A must-read article by architecture critic Nicolai Ouroussoff on the “Ideas & Trends” page of yesterday’s NY Times “Week in Review” section: He critically examines how post-9/11 architecture has been conscripted to “create not only major civic landmarks but lines of civic defense, with aesthetically pleasing features like elegantly sculpted barriers around public plazas or decorative cladding for bulky protective concrete walls.”
Taking another swing at New York’s planned Freedom Tower at Ground Zero, he says that it “rests on a 20-story, windowless fortified concrete base decorated in prismatic glass panels in a grotesque attempt to disguise its underlying paranoia. And the brooding, obelisk-like form above is more of an expression of American hubris than of freedom.”
He concludes:
To some, compromise may be preferable to surrounding our cities with barbed wire and sandbags. The notion that we can design our way out of these problems should give us pause, however.
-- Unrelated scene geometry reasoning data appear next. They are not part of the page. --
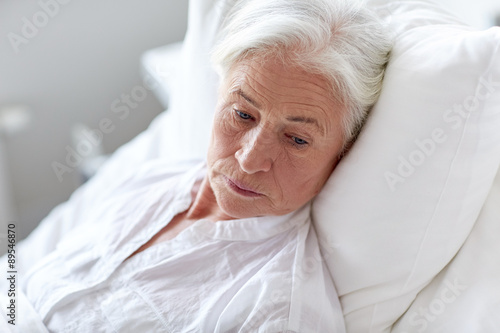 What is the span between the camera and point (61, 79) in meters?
1.97

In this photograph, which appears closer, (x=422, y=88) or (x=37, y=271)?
(x=422, y=88)

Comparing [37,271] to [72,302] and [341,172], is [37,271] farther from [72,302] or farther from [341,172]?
[341,172]

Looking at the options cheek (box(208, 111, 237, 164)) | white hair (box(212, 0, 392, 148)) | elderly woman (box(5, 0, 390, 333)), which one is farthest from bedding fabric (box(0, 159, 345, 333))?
white hair (box(212, 0, 392, 148))

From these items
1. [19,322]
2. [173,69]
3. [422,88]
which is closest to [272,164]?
[422,88]

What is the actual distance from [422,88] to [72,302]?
75 cm

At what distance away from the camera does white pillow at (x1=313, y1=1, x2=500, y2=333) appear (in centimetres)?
89

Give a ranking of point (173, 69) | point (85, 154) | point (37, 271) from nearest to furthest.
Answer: point (37, 271) < point (173, 69) < point (85, 154)

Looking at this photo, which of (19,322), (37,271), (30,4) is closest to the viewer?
(19,322)

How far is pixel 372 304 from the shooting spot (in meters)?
0.99

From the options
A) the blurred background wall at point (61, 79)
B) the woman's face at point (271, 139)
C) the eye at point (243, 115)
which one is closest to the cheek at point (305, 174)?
the woman's face at point (271, 139)

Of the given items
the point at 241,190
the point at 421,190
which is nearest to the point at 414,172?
the point at 421,190

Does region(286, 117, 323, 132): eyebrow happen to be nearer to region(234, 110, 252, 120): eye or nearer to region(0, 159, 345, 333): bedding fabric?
region(234, 110, 252, 120): eye

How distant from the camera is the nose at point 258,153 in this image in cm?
95

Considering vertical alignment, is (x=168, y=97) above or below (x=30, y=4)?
below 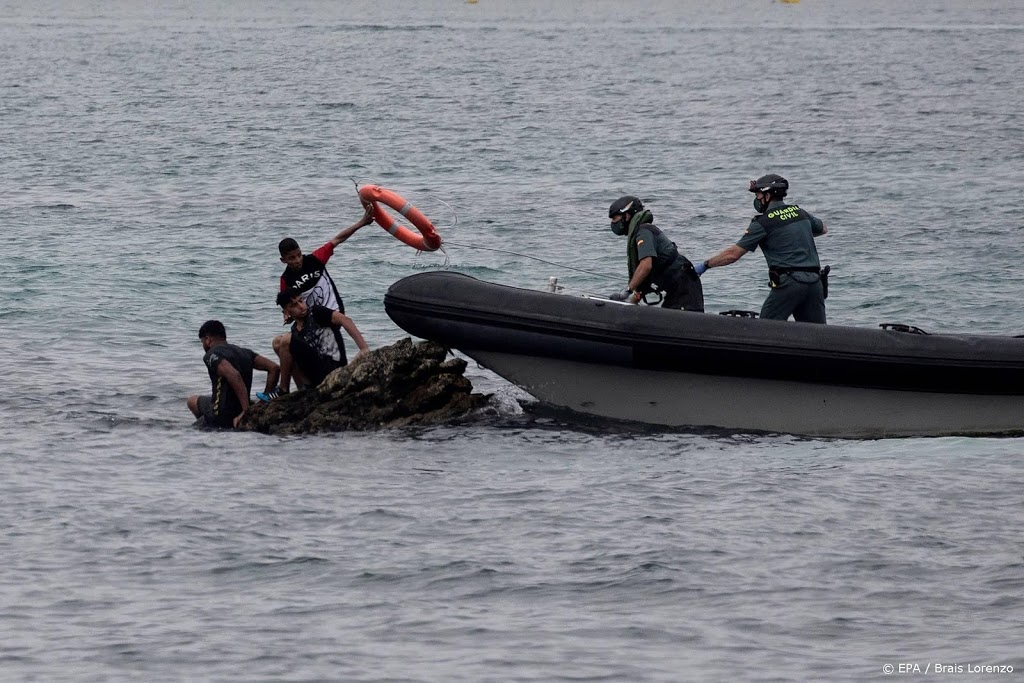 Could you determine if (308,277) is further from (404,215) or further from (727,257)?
(727,257)

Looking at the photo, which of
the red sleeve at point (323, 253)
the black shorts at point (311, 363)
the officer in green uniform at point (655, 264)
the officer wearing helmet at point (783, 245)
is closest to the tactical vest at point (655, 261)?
the officer in green uniform at point (655, 264)

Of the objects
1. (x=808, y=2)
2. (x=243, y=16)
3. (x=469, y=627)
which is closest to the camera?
(x=469, y=627)

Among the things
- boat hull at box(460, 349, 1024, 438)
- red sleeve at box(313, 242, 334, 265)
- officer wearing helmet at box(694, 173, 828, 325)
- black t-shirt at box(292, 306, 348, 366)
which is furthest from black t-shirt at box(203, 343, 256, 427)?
officer wearing helmet at box(694, 173, 828, 325)

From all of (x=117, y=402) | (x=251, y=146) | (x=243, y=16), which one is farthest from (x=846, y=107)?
(x=243, y=16)

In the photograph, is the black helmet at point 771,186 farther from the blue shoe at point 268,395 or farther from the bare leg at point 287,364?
the blue shoe at point 268,395

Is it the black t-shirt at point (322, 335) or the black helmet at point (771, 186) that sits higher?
the black helmet at point (771, 186)

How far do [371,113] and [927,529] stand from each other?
27580 mm

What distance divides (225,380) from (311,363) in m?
0.66

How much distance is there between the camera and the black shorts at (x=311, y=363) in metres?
11.1

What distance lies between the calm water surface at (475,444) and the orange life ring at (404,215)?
134 cm

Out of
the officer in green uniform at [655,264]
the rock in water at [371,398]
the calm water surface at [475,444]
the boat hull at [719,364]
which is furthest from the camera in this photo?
the rock in water at [371,398]

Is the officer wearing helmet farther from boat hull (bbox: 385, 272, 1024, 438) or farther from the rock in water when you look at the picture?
the rock in water

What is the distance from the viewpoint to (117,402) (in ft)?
39.8

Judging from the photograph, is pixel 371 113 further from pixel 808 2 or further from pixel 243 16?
pixel 808 2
Our streets may be prettier, but the prettiness is camouflage for the budding reality of a society ruled by fear.
I wish he would have taken his argument one step further—spelling out how he thinks architects and civic planners should (or should not) respond to the heightened fear of terrorism. It appears that he believes we should take our chances, opting to enhance our built environment with unfettered architecture, rather than being “ruled by fear.”
A provocative notion, meriting serious thought.